- _TASK BRIEF_
Copy all the lines of the data that include the word "noaa".

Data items
########

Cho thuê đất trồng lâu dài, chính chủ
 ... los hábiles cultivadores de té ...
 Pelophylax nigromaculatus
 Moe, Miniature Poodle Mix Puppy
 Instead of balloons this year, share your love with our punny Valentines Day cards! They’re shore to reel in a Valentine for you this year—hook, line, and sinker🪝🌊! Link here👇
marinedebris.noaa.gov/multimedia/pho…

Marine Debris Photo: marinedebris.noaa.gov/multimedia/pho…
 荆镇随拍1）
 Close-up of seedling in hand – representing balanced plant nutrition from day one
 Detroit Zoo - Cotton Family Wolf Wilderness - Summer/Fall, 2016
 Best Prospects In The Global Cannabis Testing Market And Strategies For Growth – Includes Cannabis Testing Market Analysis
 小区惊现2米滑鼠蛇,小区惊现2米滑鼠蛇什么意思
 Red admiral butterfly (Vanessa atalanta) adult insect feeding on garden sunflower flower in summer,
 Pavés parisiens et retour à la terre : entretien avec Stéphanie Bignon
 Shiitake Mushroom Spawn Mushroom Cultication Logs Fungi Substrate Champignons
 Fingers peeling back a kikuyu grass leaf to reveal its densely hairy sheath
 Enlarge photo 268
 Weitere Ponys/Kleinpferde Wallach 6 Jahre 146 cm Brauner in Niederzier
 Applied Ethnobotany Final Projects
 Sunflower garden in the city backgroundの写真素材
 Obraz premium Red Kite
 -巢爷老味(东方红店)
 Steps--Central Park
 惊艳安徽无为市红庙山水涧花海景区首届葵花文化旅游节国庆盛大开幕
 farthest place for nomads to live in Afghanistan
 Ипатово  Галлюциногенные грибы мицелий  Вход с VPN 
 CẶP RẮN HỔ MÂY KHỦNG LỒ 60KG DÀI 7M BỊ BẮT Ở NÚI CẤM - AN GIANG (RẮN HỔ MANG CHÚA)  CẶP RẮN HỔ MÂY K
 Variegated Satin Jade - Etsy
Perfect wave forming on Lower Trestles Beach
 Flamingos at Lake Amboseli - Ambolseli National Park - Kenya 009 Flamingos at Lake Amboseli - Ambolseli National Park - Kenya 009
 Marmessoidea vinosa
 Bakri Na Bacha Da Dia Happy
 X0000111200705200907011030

########

- _ANSWER SECTION_
marinedebris.noaa.gov/multimedia/pho…
Marine Debris Photo: marinedebris.noaa.gov/multimedia/pho…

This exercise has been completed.